The quest to mitigate climate change is for now gridlocked. Despite a growing number of net-zero pledges and technological breakthroughs, emissions continue to climb globally and are declining only slowly domestically. That puts Paris Agreement targets at risk.
In his new book, "Confronting Climate Gridlock: How Diplomacy, Technology, and Policy Can Unlock a Clean Energy Future" (Yale University Press), atmospheric scientist and environmental engineering professor Daniel Cohan argued that diplomacy, technological innovation, and policy domestically can catalyze decarbonization globally. Combining his own expertise along with insights from more than a hundred interviews with diplomats, scholars, and clean-technology pioneers, Cohan identified flaws in past efforts and opportunities to more effectively address climate change.
At this event, Cohan introduced his book and shared an armchair conversation with Chris Tomlinson, the business columnist for the Houston Chronicle.

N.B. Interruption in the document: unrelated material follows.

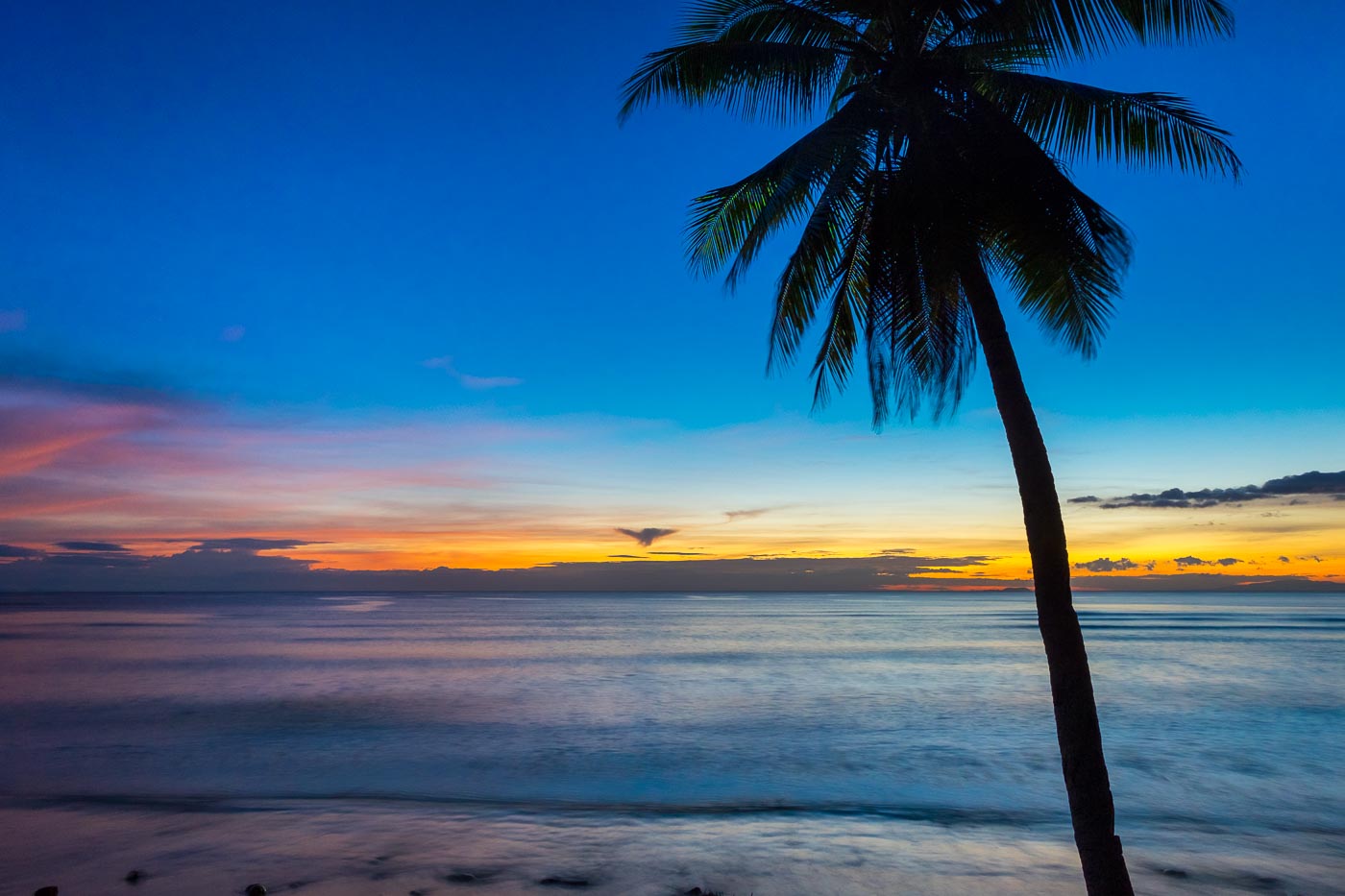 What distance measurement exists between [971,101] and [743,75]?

This event was sponsored by the Baker Institute Center for Energy Studies and the Graduate Liberal Studies program at Rice University. Follow @CES_Baker_Inst on Twitter or LinkedIn, and join the conversation online with #BakerEnergy.
Daniel Cohan, Ph.D., is an associate professor of civil and environmental engineering at Rice University, where he teaches courses on atmospheric science, and energy and the environment. His research specializes in the development of photochemical models and their application to air quality management and the impacts of energy use on air quality and climate. He received a B.A. in applied mathematics from Harvard University, a Ph.D. in atmospheric chemistry from Georgia Institute of Technology, and served as a Fulbright Scholar to Australia. Cohan is a recipient of a National Science Foundation CAREER award and a member of the NASA Air Quality Applied Sciences Team, and is the author of more than 50 peer-reviewed publications and the book, "Confronting Climate Gridlock" (Yale University Press).